Undercarriage control systems are classified according to their control characteristic as passive, adaptive, semiactive and active. An overview of the various control characteristics is provided in R. Kallenbach et al., Optimierung des Fahrzeugverhaltens mit semiaktiven Fahrwerkregelungen [Optimization of vehicle behavior by means of semiactive undercarriage control systems], VDI [Verein Deutscher Ingenieure; Association of German Engineers] Reports No. 699, 1988, pp. 121-135. The technical complexity of undercarriage control systems and their resultant cost depends on the desired control characteristic, and generally increase continuously from passive to active undercarriage control. The cited document describes in particular the optimization of vehicle behavior by means of semiactive undercarriage control systems, which offer a marked cost advantage over active undercarriage control systems.

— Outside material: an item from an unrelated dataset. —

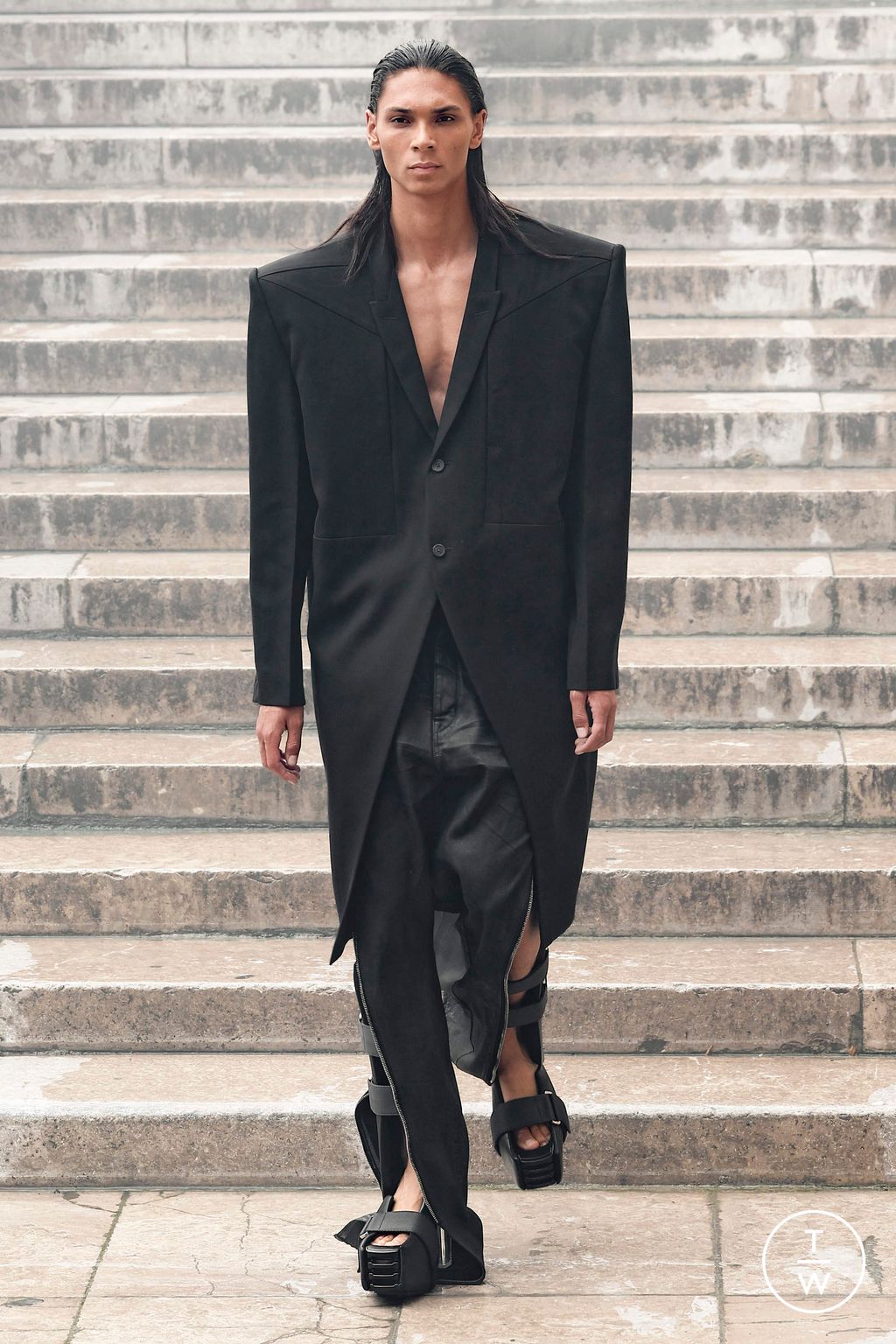Fashion Week Paris Spring/Summer 2024 look 30 from the Rick Owens collection 男装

A modern concept of undercarriage control is described in W. Schramm et al., "A high-performance concept for active undercarriage control with reduced energy demand," ATZ Automobiltechnische Zeitschrift 94 (1992), pp. 392-403. In particular, this article introduces a new concept for semiactive undercarriage control, consisting of a fully load-bearing hydropneumatic suspension with actuators in a shutoff-cylinder arrangement.
The sensing devices currently used in undercarriage control consist of travel sensors that determine the spring travel of the undercarriage at each axle, preferably at each wheel. From the present standpoint, optimum measurement acquisition would require measurement of the spring travel at each wheel suspension. Despite this high technical complexity and the associated high cost, due in particular to the use of a large number of sensors and a high available computation speed, as well as the provision of high-performance hydraulic, pneumatic and/or electrical final control elements to achieve a high control speed, the prior art undercarriage control systems are unable to achieve optimal and sufficiently rapid detection of all the situations that can arise during driving.
From digital image processing, methods and algorithms are known that can be used to identify at least partly preestablished structures and patterns in complex images and to filter them out of these images. Such methods can be used, for example, in medical technology for the automatic recognition of cancer cells in tissue specimens.
From automotive measurement technology, methods of distance measurement are known, for example involving the use of electromagnetic waves in various frequency ranges. In addition, modern navigational systems can be used in motor vehicles to furnish data regarding position and/or traffic flow.
The problem underlying the invention is to provide a device and a method for controlling the undercarriage of a motor vehicle that ensures a high degree of driving safety and driving comfort. In particular, the undercarriage control system should react quickly and optimally to all existing and immediately impending driving situations. Furthermore, the technical complexity and the associated production, installation and operating costs should be as low as possible.